BookmarkSubscribeRSS Feed
🔒 This topic is solved and locked. Need further help from the community? Please sign in and ask a new question.
Jack_Sabbath
Calcite | Level 5

Hello SAS community,

 

I am new to SAS programming. I have a data set with say, 20 variables. Suppose that I want to set up a one-to-one correspondence between these variables and variables called x_1, x_2,...,x_20. I have more of a mathematical background and find it is much easier to perform calculations and other procedures when we refer to the ith variable as x_i rather than ith-variable-name, which in my view streamlines subsequent programming.

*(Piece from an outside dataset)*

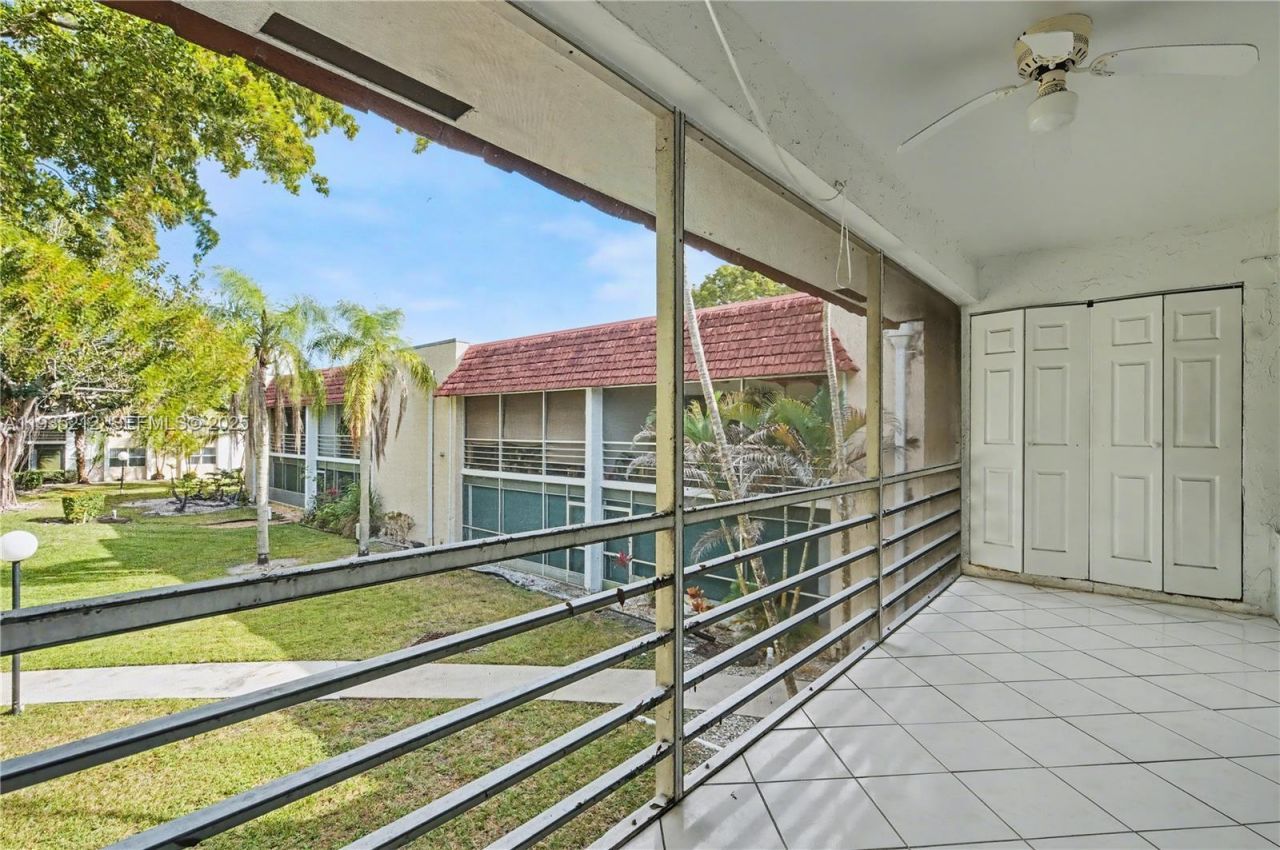 3501 Inverrary Dr, Unit 204, Lauderhill, FL 33319 Photo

From what I understand, these data sets are essentially matrices, in something like MATLAB one can specify a column (variable) simply as x(:,j), this is where my intuition is coming from, however I am struggling to find similar analogies in SAS.  

 

Is there a straight forward way to map k non-indexed variables {var,bar,car,....,zar} to {x1,x2,...,xk} and back again?

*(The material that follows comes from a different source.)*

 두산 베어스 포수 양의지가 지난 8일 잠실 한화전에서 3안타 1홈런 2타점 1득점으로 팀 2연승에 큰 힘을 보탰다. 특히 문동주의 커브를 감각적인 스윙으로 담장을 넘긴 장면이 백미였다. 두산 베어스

Another question: Does there exist a function which I can apply to a data set which returns the number of variables?

 

Thank you for taking the time to read this

1 ACCEPTED SOLUTION

Accepted Solutions
ChrisNZ
Tourmaline | Level 20

The double dash syntax might help you to make arrays perfectly dynamic.

Consider this:

 

data NEW;
  FIRST_VAR=1;
  set SASHELP.CLASS(obs=1);
  LAST_VAR=1;
  array NUM_VARS[*] FIRST_VAR - numeric   - LAST_VAR;
  array CHR_VARS[*] FIRST_VAR - character - LAST_VAR;
  putlog '***NUM VARS***';
  do I=2 to dim(NUM_VARS)-1;  %* ignore first and last num as they are not in the data set;
    putlog NUM_VARS[I]=;
  end;
  putlog '***CHAR VARS***';
  do I=1 to dim(CHR_VARS);
    putlog CHR_VARS[I]=;
  end;
run;

***NUM VARS***
Age=14
Height=69
Weight=112.5
***CHAR VARS***
Name=Alfred
Sex=M

  

Note how the array only picks up variables already in the PDV when defined. Variable I is not in the array.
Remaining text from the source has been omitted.